Dataset entries Block Start

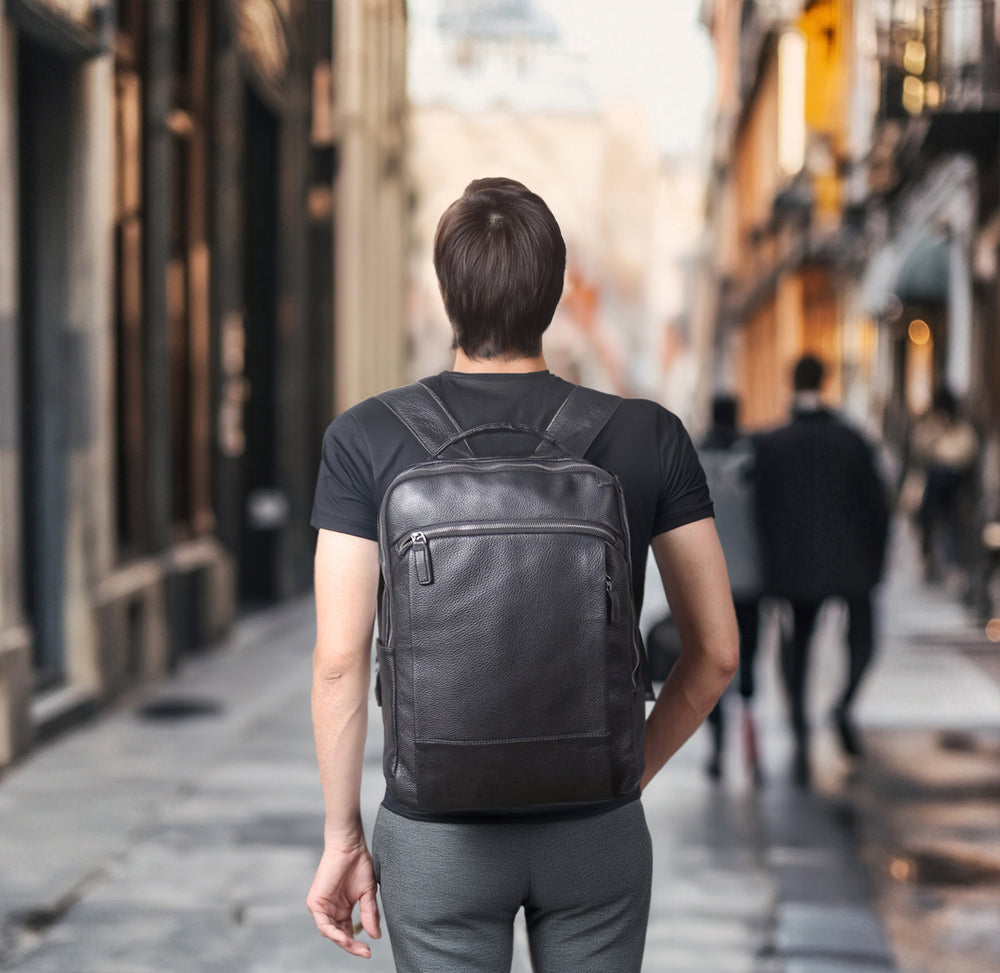 Person wearing a black leather laptop backpack in a city street setting, showcasing style and functionality.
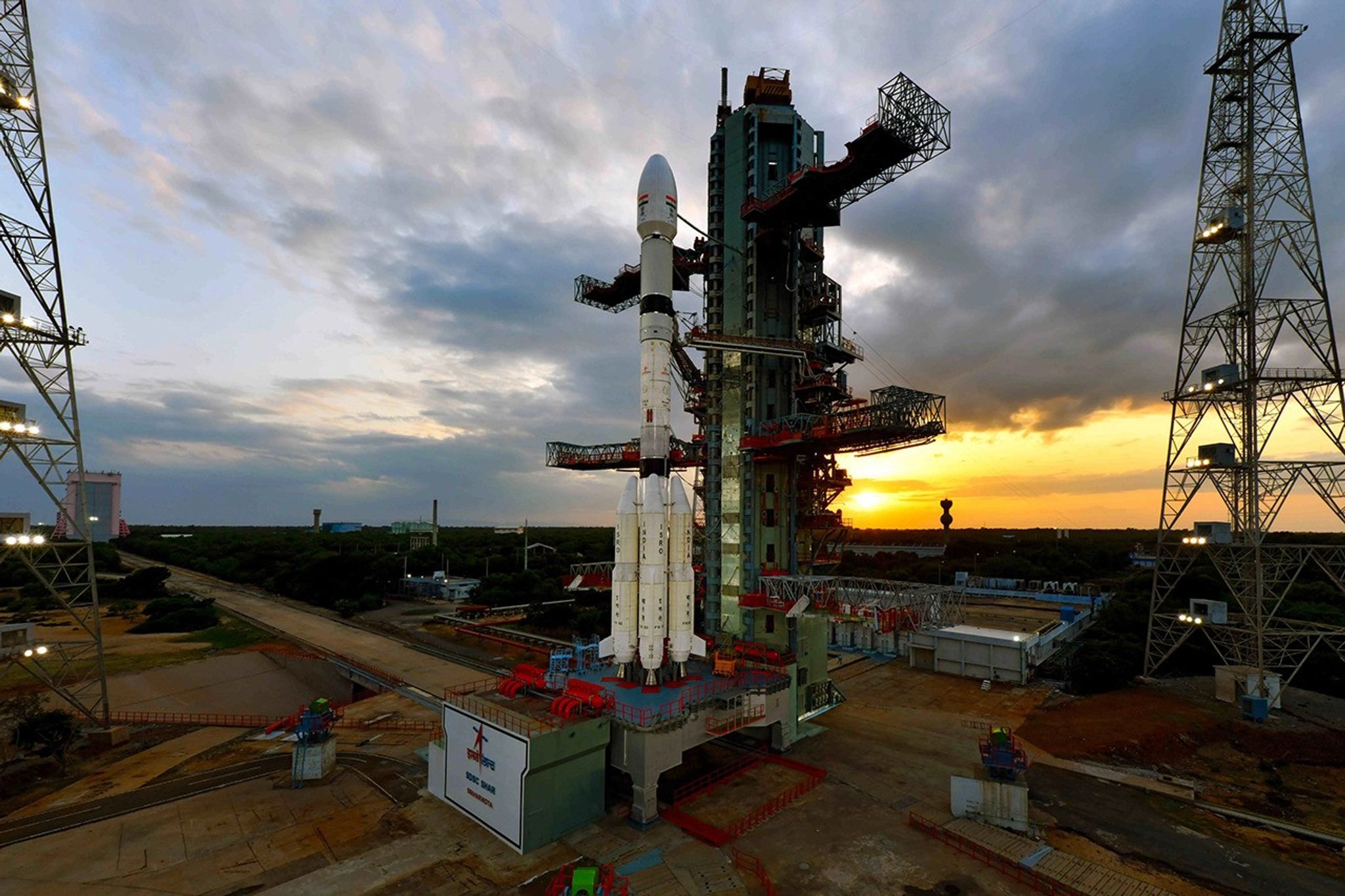 An elevated, wide photograph of a rocket on its launchpad. The white rocket, with booster rockets attached, stands vertically next to its large, multi-level service tower. The launch complex is surrounded by green vegetation, and in the background, a dramatic, cloudy sky is illuminated by the vibrant orange and yellow glow of a sunrise or sunset on the horizon.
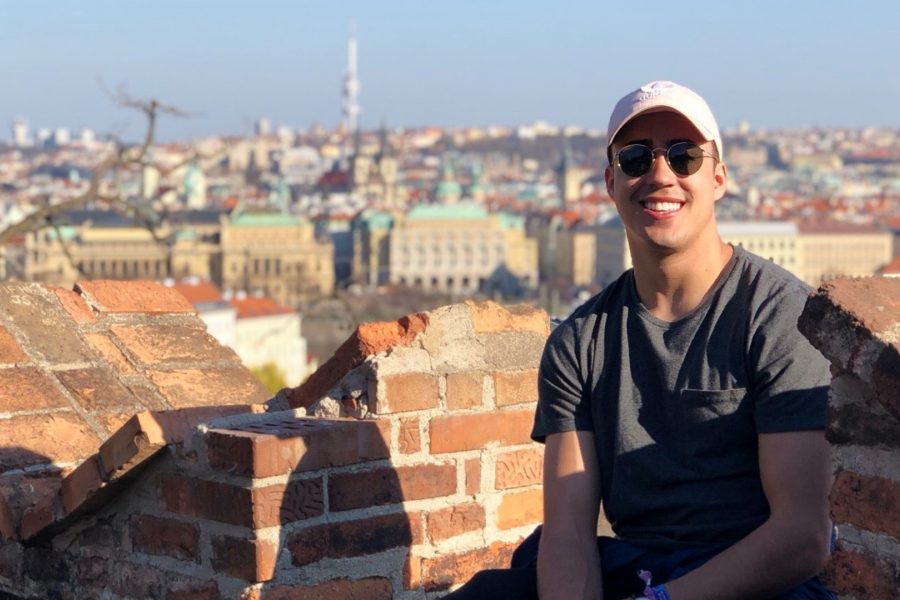 photo of a male student sitting on a ancient brick wall in Europe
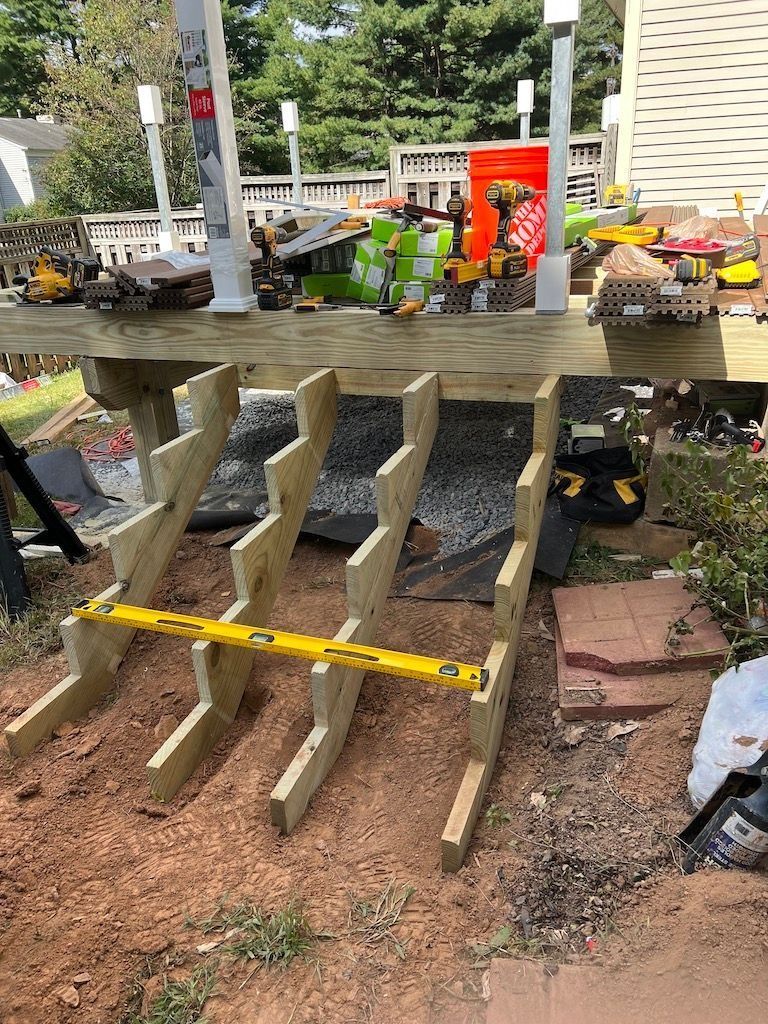 Broken wooden fence with yellow tape in a garden area near benches and potted flowers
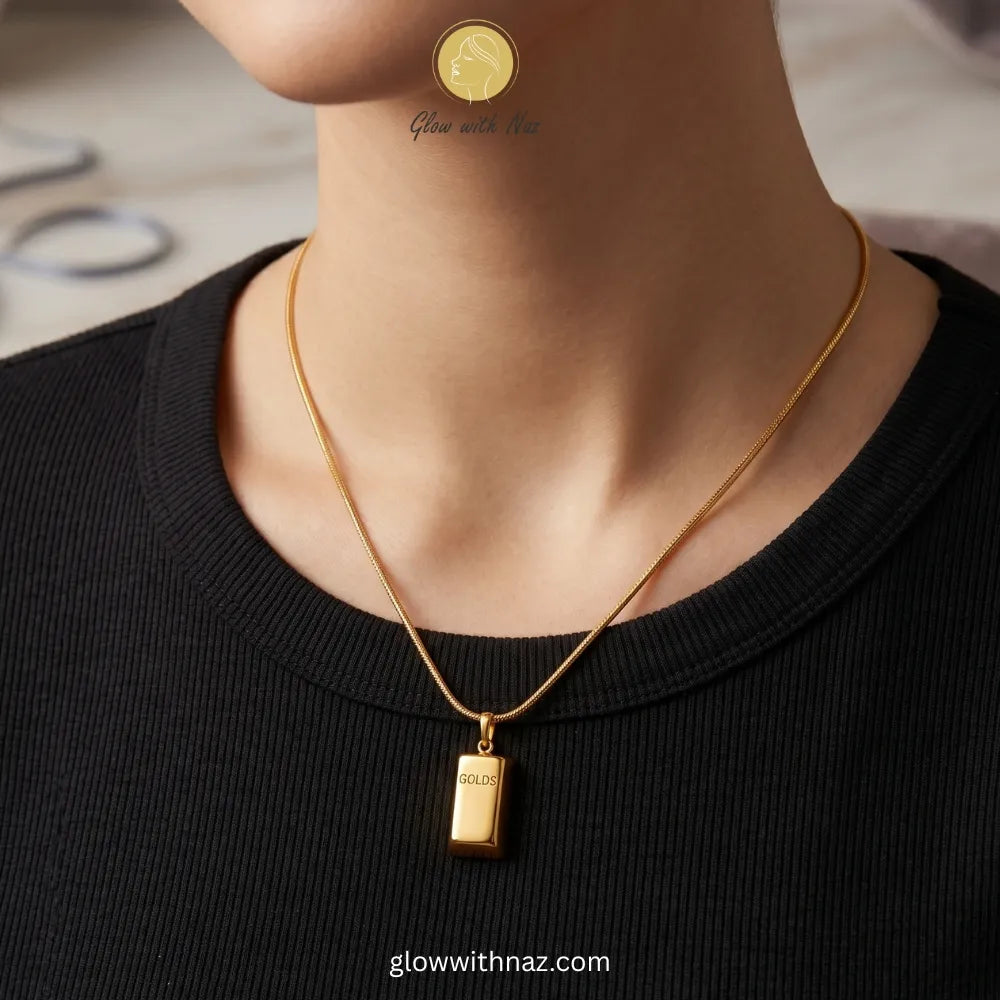 Close-up of gold bar pendant engraving and chain connection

Dataset entries Block End

Task brief: Begin at the line containing "photo of a male" and extract every line through the end of the records, inclusive, exactly and only; omit pictures.

Solution to this exercise:
 photo of a male student sitting on a ancient brick wall in Europe
 Broken wooden fence with yellow tape in a garden area near benches and potted flowers
 Close-up of gold bar pendant engraving and chain connection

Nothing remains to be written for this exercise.